Las grandes obras de arte y los mejores creadores han surgido en crisis tremendas de la humanidad, y de la crisis que vive el país podemos esperar algo así, expresa el pintor y escultor Manuel Felguérez, quien lleva toda la mañana en entrevistas por un motivo muy especial: su inclusión en la colección Arte Objeto de TANE, empresa joyera que le encargó una escultura en plata. Se llama Mirada suspendida.
El arte “pertenece al ser humano, no al país en que se produce: es parte de la creación del ser humano; es decir, cuando un ser humano llega al arte, se enriquece. Llega como espectador o como sea, y cuando el arte forma parte de su vida lo acerca a la vida, a la humanidad, lo aleja de lo animal y lo lleva más al espíritu; mientras no tengas eso te enajenas y te vuelves animal, pero si te ríes, eres un poco más hombre; si lloras, eres un poco más hombre; si eres capaz de leer una novela y llenarte de sensaciones, ya eres un hombre más completo.
Como artista, ¿le preocupa la situación del país?, se le cuestiona. “Como artista y como no artista. Fuera lo que fuera me preocuparía. Todos los días van surgiendo problemas horribles, tengo la circunstancia de la edad (este año cumple 88 años); o sea, ya no tengo esperanza. Cuando uno es joven dice: ‘esto está muy mal, pero va a cambiar, voy a trabajar para que cambie’. Y se mete uno y organiza y quieres que todo mejore, y tienes esperanza. A mi edad ya lo horrible es que digo: ‘ya no tiene salida en mi tiempo-vida’. Está difícil”, responde.

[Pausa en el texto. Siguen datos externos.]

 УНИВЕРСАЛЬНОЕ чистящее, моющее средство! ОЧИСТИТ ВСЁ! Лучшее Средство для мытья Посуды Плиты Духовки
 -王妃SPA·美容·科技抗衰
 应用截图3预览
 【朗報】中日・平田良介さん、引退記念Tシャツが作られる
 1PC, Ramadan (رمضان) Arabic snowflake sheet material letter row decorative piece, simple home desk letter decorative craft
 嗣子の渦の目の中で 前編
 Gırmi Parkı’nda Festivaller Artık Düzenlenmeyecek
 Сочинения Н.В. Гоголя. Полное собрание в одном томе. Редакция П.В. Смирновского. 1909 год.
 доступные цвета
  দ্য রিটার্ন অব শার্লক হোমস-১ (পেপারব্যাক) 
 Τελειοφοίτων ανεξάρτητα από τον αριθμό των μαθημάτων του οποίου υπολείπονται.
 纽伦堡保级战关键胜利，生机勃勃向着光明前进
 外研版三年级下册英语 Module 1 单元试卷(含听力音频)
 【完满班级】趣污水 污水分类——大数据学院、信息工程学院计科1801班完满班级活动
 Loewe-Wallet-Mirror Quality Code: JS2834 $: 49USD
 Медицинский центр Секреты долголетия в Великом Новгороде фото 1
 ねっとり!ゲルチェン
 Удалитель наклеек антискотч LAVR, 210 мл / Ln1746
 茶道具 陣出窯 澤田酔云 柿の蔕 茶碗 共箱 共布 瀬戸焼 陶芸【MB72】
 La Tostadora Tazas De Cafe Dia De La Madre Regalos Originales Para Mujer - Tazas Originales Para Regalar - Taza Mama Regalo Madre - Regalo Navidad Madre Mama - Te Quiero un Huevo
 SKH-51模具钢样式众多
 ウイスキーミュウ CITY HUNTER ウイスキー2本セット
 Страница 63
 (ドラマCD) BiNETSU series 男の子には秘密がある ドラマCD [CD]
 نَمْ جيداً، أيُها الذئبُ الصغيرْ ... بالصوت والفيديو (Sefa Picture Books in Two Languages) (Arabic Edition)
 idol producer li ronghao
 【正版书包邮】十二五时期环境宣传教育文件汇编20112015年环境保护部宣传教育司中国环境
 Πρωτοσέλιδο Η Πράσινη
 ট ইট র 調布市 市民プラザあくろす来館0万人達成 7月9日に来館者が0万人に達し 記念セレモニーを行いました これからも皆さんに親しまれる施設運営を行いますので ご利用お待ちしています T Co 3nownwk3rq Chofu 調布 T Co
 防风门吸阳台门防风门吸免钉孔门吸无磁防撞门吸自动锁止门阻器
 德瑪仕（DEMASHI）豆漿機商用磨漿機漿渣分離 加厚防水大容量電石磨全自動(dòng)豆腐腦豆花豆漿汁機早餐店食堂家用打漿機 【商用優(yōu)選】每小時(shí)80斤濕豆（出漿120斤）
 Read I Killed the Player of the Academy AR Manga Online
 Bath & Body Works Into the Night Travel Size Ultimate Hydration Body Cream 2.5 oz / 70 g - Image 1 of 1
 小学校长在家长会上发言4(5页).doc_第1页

Sin embargo, agrega, “por muy mal que esté el país, el arte siempre es reflejo de la sociedad. Hay dos características del arte: refleja su tiempo y su sociedad, es diacrónico y es dialéctico; entonces, en cualquier circunstancia sirve, e históricamente las grandes obras o los mejores creadores de arte han salido en crisis tremendas de la humanidad.
“Viene el horror de Hitler con el nazismo, la persecución, y en ese momento está la Bauhaus y salen artistas extraordinarios. En España está Franco y todo está horrible y surgen todo los pintores actuales españoles. Están los Borgia, que eran tremendos, y ahí está Miguel Ángel. Las crisis no afectan la creación del arte, al contrario, la provocan. Cuando no tienes otra esperanza te refugias en el arte, es un escape”.